For weeks and weeks now, I’ve had both Dickens’ Great Expectations and Lloyd Jones’ Mister Pip stacked by my monitor as a reminder to quickly summarize, for my blog, my response to the latter. And since one of my winter-break tasks is to get my desk cleared off a bit, I’m going to go for the quick-and-dirty so that I can get the books back on the shelves and recover some 30 or 40 square inches.
Great Expectations, of course, needs no reviewing by me, but I will say again that it’s a compelling read, a book I could confidently assign to my first-years knowing that once they got past the grumbles of dealing with dated language, denser syntax, etc., they couldn’t help but be caught up by the narrative. It’s not necessary to have read this in order to engage with Mister Pip, but by perhaps the fourth chapter I decided I’d like that background to be better able to evaluate and appreciate the narrator Matilda’s response to the Dickens story. If I were to teach Mister Pip in future, I’d do so in tandem with GE and I’d direct the students to consider the respective politico-socio-economic conditions of the two narrators and the work the writers do to bring these conditions to the attention of a national and/or global community that doesn’t know or care about such conditions. Does that already sound too tedious? Perhaps, but I think it’s an important parallel given how little I knew about Bougainville and the traumas experienced and witnessed by its people, children particularly.
I’d also link the two novels’ concern with the effects of colonialism, despite a difference of almost 150 years. The colonial exploitation that led to Bougainville’s traumas is described at several websites, Solidarity South Pacific for example. As well, children’s drawings of the war can be seen here.
To write a decent review, I’d need to go back and re-read the novel, and I just don’t have time for that. Quickly, though, I will say that I was struck from the opening by the narrator’s tone. I’ve seen other reviews that refer to the narrator as a child, but I think it’s important to emphasize that this is not, indeed, the case. The narrator is clearly looking back, from early adulthood, on a time of her childhood charged with the transition to adolescence, the drama of war, and the wonderment of new knowledge, the transformative possibilities of the imagination. While she is clearly engaged with the possibilities of storytelling and, especially, the riches of interpretation, her voice nevertheless reflects, in a certain curious detachment or flatness or some affect I can’t quite pin down, the harrowing experience she eventually reveals, an experience that weighs on each page until the reader is finally knocked down by it perhaps two-thirds of the way through the novel.

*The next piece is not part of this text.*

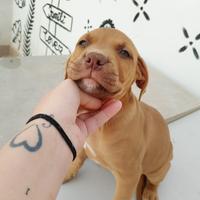 Pitbul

Many reviewers focus on the redemptive quality of the narrative’s emphasis on storytelling and the imagination. Yes. I suppose. It’s uplifting to think of the young narrator picking up the pen to carry on that tradition. Still, by the time I finished the novel, I couldn’t help wondering how many days she wouldn’t have the strength.
A student from one of my past 4th-year Canadian fiction classes e-mailed me the other day to ask if I’d recommend novels to get her through several weeks of mandated bedrest (pregnancy–now there’s a great expectation!). Although this deceptively small, simple-appearing novel is harrowing in its core content, its story of the “unaccommodated child” (a child’s exposure being, arguably, even more difficult to witness, than Lear’s), it offers enough pleasures and, yes, I’ll concede, enough redemptive possibilities that I will add this to my list of recommendations. Certainly, I plan to read it again myself.